Within seconds, the soldiers were all disarmed, and backing away, looking more than a little terrified. Adrenaline surged through my body.

“I suppose you could do it that way,” Gabriel said dismissively, the lopsided smirk returning to his face.

“You were really going to just… kill them?” I asked, shocked.

“I was considering it,” he said, shrugging.

“Why, because you can?”

“The simplest solutions are often the best,” he said.

I literally snarled at him.

“Killing people is not a solution.”

He blinked, a look of surprise crossing his face momentarily.

“You’re right. I suppose I’m too used to my own world. Thank you.”

He smiled graciously, and I found myself caught off guard. Already, I was doubting that I’d even had a reason to be angry at him.

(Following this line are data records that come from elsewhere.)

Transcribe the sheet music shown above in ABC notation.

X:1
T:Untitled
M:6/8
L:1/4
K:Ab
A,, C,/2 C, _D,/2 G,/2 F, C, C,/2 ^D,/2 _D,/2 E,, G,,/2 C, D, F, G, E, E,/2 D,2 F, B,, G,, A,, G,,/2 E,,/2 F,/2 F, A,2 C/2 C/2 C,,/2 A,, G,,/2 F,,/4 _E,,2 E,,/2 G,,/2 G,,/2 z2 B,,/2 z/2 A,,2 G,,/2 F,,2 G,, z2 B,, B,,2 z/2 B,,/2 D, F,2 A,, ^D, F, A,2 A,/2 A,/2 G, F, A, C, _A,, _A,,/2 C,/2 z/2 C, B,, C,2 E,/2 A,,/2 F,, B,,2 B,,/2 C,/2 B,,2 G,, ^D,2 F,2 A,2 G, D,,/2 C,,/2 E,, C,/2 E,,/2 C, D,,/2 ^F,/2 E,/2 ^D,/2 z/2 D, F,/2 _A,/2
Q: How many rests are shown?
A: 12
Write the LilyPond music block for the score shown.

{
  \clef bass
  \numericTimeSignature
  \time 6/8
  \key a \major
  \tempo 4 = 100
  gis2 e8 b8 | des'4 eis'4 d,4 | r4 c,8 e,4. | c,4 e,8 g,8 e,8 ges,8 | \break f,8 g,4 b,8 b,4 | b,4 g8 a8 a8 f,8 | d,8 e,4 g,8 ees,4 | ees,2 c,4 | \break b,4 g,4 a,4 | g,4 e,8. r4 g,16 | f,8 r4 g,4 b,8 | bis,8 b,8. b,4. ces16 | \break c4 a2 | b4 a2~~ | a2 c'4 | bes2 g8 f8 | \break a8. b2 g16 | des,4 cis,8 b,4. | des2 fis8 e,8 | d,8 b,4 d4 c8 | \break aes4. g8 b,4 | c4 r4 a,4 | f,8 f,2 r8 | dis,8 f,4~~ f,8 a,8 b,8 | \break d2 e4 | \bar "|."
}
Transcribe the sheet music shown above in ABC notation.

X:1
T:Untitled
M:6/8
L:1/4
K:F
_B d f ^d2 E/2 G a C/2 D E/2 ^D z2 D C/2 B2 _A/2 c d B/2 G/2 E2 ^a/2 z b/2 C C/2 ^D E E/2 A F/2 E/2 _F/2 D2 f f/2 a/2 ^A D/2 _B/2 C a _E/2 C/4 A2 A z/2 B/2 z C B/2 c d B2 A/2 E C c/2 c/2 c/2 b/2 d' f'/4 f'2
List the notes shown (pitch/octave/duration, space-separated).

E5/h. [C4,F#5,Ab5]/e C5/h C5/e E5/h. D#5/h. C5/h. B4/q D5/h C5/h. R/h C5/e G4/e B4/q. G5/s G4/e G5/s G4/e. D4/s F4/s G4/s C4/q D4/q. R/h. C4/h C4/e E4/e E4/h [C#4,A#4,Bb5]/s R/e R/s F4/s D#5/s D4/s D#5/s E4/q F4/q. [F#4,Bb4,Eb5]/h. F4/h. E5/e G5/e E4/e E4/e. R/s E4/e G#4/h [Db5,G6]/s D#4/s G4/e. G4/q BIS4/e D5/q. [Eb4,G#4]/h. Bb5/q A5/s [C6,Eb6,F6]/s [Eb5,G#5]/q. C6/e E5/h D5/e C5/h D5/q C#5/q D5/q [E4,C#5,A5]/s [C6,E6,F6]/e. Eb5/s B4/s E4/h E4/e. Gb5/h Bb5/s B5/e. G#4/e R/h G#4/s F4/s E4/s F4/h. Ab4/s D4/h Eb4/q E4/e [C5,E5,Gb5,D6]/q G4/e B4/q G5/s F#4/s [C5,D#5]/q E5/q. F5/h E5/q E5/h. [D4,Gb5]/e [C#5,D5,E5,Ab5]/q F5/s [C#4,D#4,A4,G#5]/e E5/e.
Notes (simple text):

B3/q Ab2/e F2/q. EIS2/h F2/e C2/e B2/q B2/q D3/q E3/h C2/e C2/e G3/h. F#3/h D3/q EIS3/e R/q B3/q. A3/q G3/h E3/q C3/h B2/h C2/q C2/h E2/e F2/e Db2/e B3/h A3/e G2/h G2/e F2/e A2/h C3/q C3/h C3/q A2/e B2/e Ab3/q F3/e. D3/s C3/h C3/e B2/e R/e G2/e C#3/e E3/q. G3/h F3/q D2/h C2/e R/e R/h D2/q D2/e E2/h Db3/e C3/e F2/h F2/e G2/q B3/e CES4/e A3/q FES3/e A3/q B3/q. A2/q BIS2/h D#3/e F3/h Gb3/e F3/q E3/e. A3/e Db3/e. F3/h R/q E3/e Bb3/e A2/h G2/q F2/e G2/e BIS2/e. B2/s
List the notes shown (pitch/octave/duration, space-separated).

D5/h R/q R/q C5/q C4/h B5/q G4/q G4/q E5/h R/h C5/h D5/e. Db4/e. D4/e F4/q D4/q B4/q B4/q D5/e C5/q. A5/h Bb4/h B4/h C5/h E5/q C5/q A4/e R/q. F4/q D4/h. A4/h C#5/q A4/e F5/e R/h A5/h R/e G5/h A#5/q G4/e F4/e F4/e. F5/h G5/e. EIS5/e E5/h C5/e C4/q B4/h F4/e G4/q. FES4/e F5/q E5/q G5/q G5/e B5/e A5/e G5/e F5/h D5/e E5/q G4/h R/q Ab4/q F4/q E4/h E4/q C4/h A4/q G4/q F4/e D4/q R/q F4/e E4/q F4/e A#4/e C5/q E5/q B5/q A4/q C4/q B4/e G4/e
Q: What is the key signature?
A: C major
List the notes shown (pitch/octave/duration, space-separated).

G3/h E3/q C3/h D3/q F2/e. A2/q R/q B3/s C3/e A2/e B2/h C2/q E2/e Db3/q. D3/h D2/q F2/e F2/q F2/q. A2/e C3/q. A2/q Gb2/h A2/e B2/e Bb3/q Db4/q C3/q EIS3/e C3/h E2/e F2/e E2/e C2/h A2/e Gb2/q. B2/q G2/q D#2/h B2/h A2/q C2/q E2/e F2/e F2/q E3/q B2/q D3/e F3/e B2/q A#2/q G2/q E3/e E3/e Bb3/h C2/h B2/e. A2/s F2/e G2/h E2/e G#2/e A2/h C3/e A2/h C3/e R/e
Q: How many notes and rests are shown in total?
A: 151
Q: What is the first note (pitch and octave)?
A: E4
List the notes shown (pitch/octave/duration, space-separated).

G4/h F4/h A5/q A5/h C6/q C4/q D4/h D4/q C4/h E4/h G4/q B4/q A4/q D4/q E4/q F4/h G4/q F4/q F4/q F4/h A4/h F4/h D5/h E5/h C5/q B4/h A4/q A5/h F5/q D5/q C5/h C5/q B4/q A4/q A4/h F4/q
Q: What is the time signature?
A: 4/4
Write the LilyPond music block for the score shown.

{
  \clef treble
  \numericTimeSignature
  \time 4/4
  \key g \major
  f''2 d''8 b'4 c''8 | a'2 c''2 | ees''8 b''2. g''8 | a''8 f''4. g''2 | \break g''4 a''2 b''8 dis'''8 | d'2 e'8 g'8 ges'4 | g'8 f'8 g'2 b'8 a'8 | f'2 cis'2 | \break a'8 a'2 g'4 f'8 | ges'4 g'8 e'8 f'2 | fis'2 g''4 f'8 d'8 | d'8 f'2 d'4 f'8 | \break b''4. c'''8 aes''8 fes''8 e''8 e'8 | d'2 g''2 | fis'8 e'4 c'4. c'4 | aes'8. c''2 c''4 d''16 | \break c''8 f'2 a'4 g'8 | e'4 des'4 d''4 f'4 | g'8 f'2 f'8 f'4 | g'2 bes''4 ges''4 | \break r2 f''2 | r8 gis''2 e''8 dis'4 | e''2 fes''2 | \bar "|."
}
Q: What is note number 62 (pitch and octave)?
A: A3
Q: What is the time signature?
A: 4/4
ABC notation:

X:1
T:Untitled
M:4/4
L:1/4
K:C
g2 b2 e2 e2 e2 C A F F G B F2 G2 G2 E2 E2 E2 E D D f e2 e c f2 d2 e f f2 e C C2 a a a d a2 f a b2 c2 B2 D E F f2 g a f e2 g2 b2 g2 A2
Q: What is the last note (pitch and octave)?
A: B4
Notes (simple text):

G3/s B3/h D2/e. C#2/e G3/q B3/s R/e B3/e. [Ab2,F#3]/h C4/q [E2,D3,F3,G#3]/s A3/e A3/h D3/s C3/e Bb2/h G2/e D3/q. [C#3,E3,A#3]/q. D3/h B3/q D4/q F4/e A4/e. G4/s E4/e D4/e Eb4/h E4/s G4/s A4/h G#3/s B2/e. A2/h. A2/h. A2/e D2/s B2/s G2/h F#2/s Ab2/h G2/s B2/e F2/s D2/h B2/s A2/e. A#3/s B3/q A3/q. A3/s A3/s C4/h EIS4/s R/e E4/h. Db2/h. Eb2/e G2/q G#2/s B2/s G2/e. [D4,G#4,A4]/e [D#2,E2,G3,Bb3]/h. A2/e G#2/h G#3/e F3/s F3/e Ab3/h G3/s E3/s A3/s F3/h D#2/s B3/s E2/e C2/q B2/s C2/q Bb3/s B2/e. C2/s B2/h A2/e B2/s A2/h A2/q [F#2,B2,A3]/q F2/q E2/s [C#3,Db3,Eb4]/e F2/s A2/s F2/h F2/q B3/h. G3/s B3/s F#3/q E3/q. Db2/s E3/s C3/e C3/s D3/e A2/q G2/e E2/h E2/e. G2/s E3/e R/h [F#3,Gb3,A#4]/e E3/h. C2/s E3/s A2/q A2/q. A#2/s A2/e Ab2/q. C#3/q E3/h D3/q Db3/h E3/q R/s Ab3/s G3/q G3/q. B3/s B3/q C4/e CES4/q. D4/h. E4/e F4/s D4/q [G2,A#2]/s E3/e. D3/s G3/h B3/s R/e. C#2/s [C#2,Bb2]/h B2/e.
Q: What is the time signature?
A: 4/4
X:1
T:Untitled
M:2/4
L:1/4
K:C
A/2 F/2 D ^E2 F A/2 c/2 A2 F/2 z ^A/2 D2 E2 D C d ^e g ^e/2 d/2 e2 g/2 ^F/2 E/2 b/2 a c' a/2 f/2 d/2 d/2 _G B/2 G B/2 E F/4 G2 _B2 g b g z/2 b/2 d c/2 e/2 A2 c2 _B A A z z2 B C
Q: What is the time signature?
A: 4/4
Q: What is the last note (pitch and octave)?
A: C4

“Where are you from, anyway?” I asked, my curiosity getting the better of me.

“I haven’t quite worked that out yet,” he said, sounding a little disappointed.

“You haven’t worked out where you’re from?” I asked, surprised.

“I haven’t worked out where, or what, home is in relation to here,” he said.

We both turned at the exact same moment, as we heard the lead soldier whisper, “Backup’s here.”

“And that’s my cue,” Gabriel said, bowing with an exaggerated flourish. “Take care, Sabrina.”

He took off just as a fresh batch of soldiers, more than two dozen of them, poured out of a pair of trucks, opening fire. With Gabriel gone in a matter of seconds, all of that gunfire was directed at me.

“Argh, leave me alone!” I shouted, taking off in another direction.